## Material provided

________________________________________

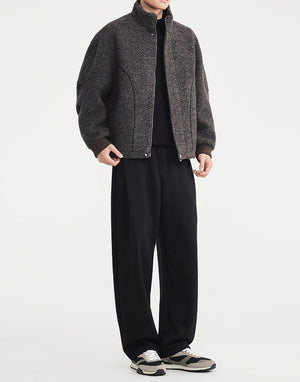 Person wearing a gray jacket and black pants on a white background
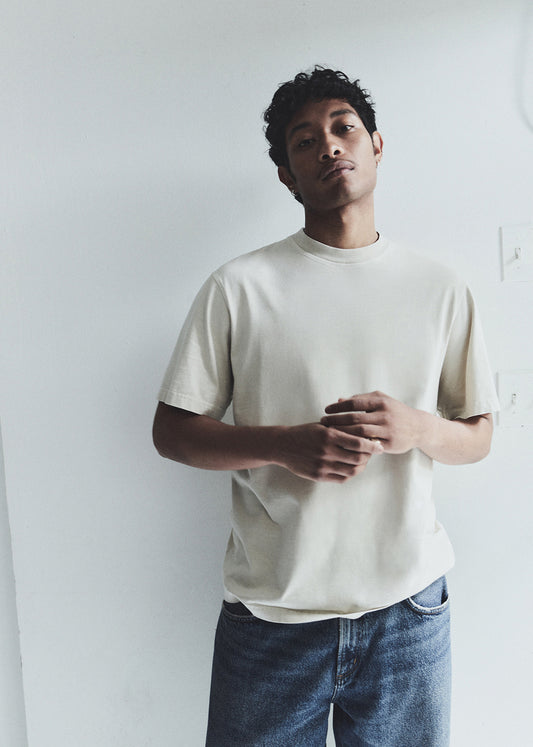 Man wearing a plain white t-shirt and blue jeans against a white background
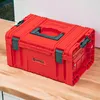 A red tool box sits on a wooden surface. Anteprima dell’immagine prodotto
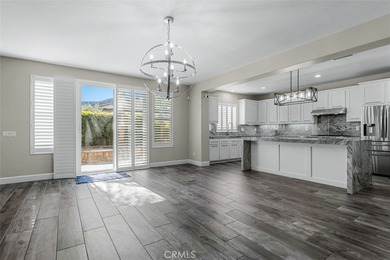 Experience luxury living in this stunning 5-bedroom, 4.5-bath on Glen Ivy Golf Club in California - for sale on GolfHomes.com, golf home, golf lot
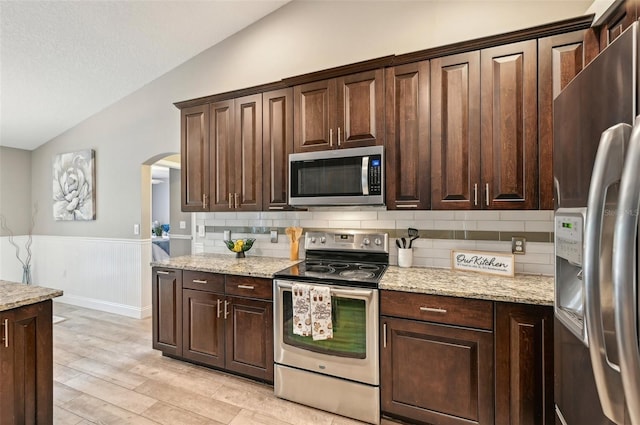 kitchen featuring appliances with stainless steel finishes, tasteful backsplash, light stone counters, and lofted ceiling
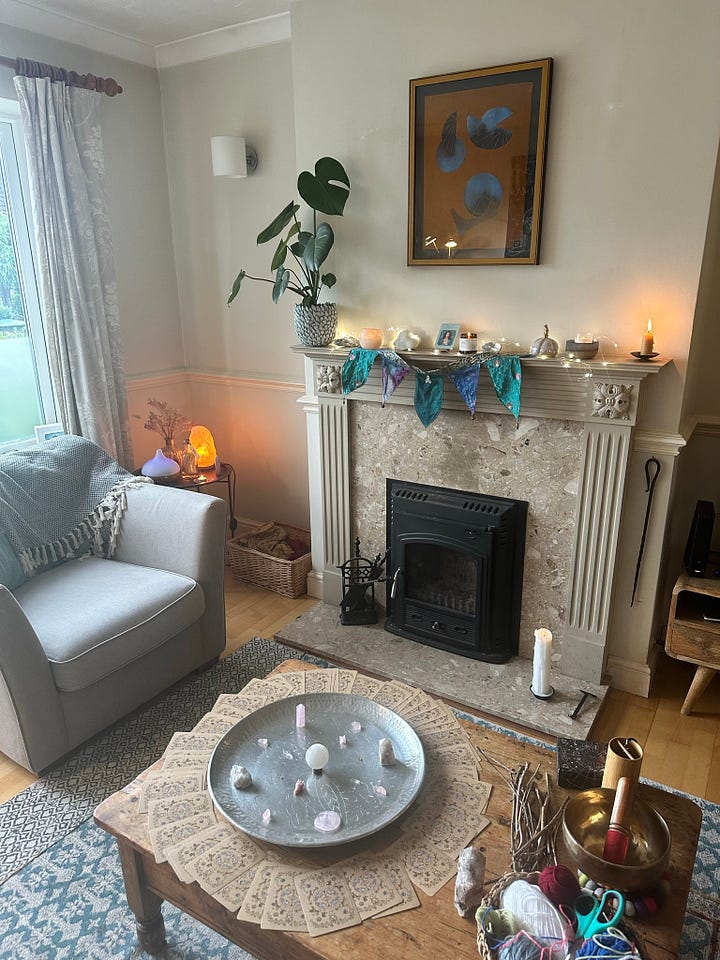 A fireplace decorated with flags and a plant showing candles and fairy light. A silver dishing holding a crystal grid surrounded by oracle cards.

________________________________________

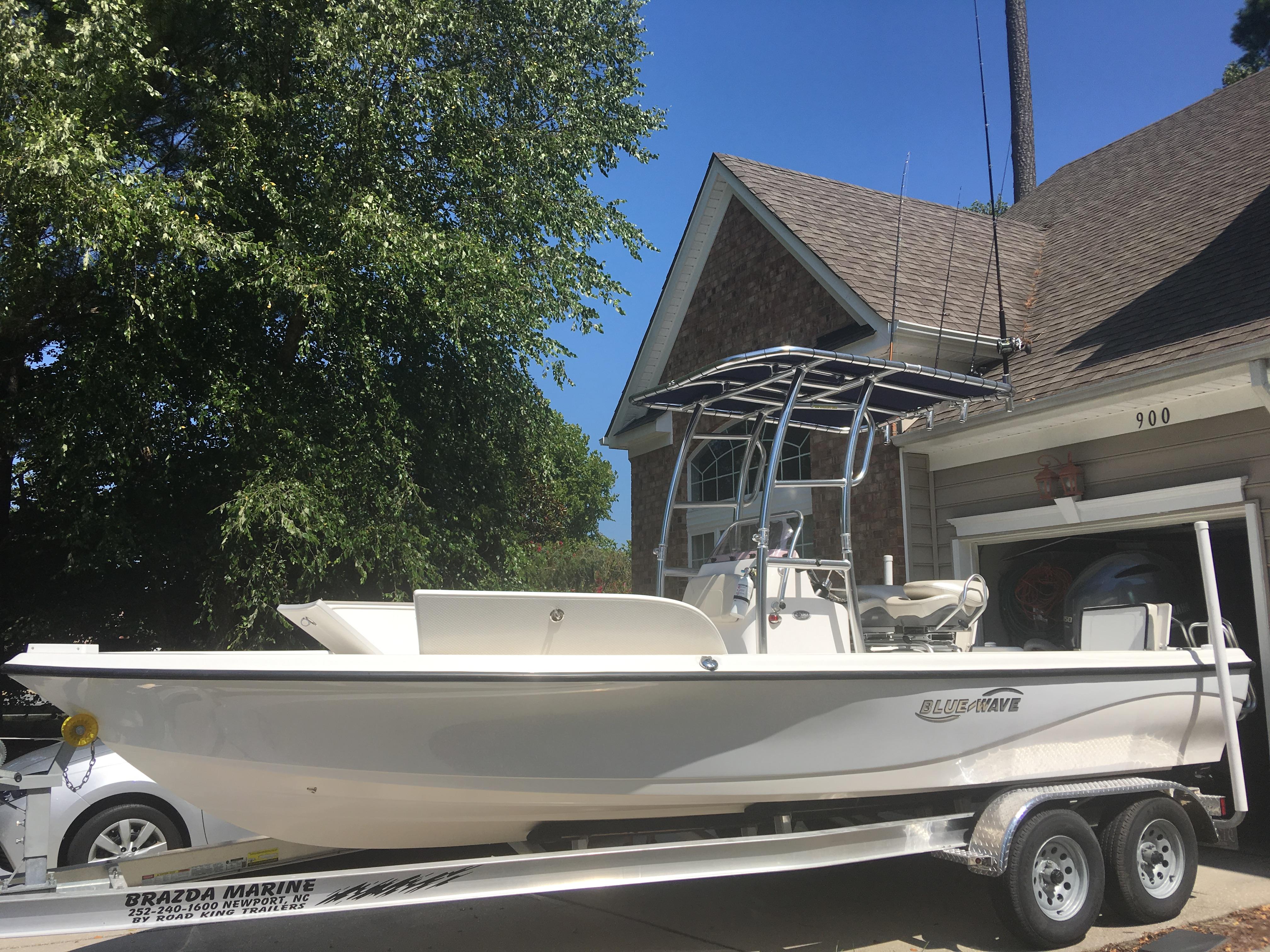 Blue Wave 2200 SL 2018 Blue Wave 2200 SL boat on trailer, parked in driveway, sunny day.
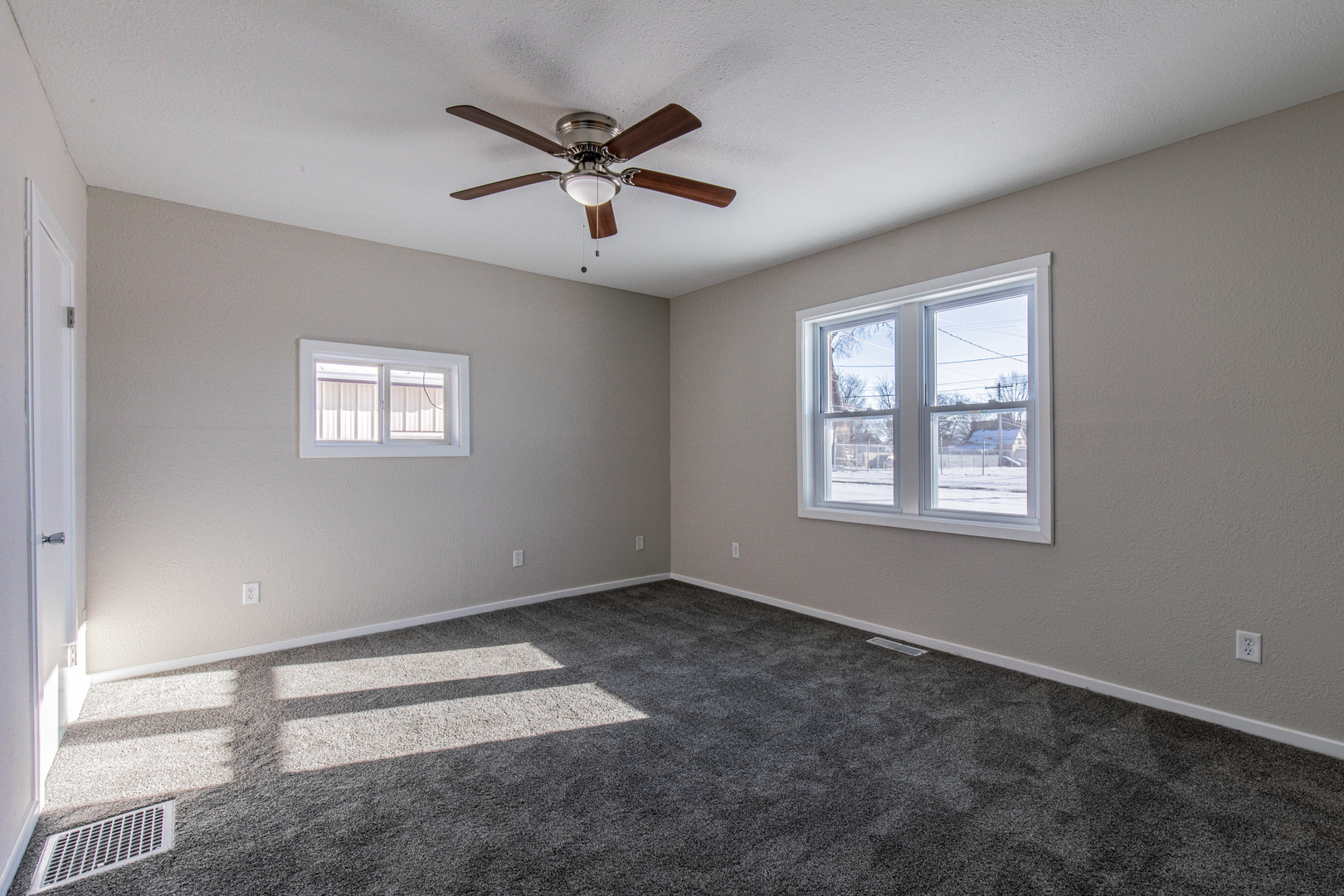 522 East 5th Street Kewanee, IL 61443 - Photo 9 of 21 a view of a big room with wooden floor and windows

________________________________________

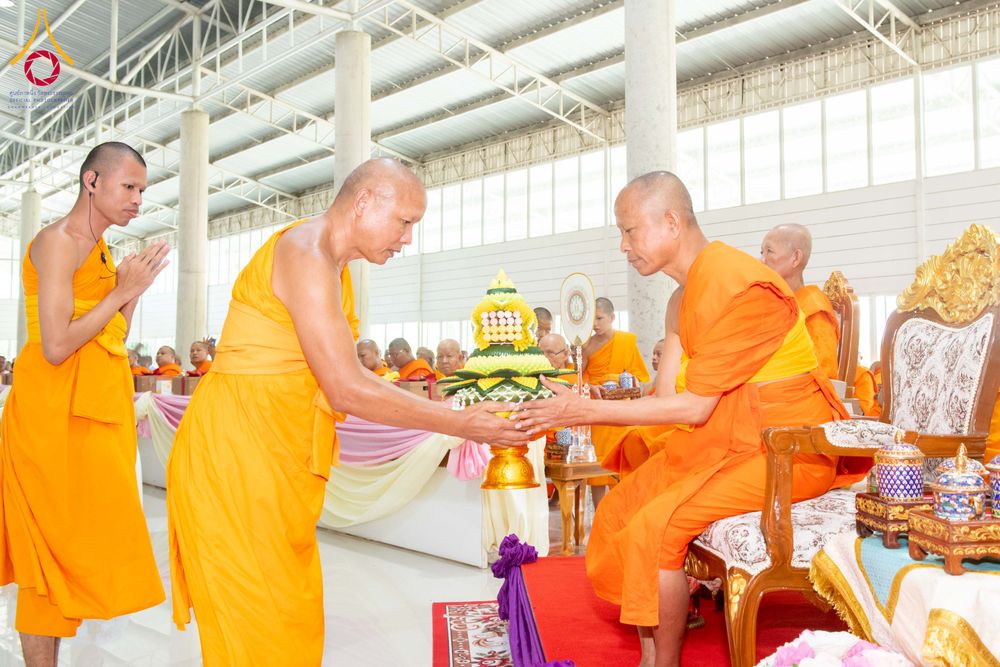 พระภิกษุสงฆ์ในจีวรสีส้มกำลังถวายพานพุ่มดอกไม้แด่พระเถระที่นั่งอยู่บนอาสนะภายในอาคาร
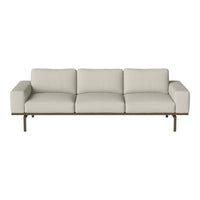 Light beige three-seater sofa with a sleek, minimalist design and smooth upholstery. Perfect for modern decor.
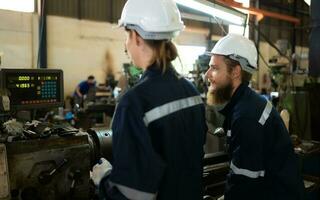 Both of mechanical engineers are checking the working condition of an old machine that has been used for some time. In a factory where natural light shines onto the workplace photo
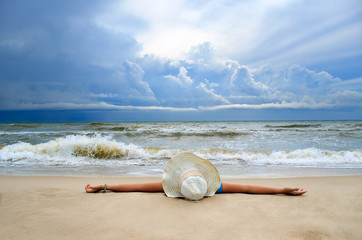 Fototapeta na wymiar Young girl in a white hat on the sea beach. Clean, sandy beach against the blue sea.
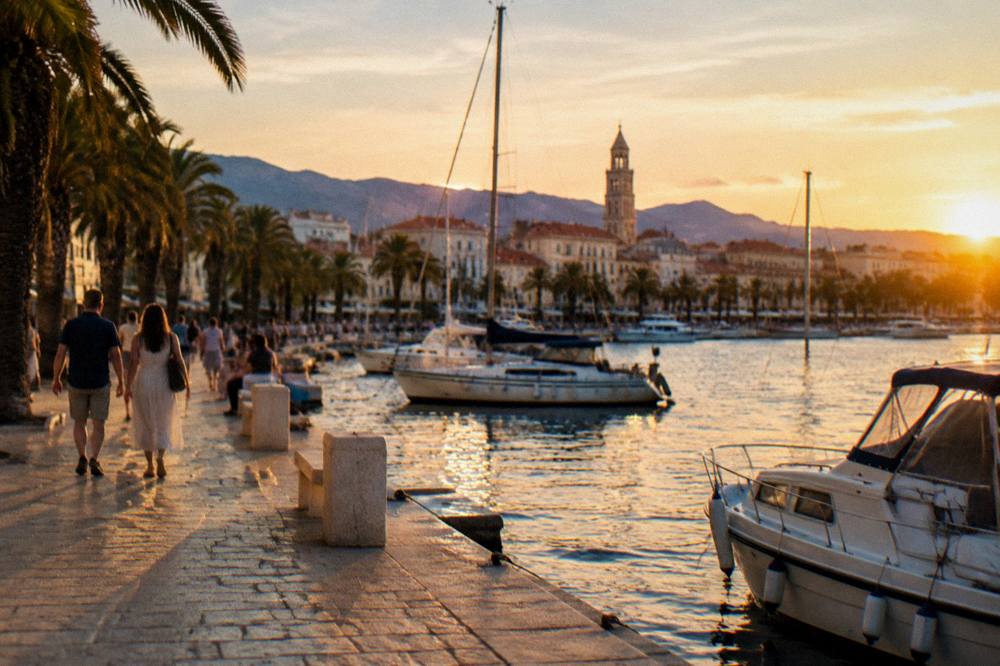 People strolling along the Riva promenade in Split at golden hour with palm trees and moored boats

________________________________________

## Exercise objective
In the records above, everything from the line with "kitchen featuring appliances" down to the line with "A fireplace decorated" must be duplicated exactly, both lines kept. Leave no pictures in.

## Result for this task
 kitchen featuring appliances with stainless steel finishes, tasteful backsplash, light stone counters, and lofted ceiling
 A fireplace decorated with flags and a plant showing candles and fairy light. A silver dishing holding a crystal grid surrounded by oracle cards.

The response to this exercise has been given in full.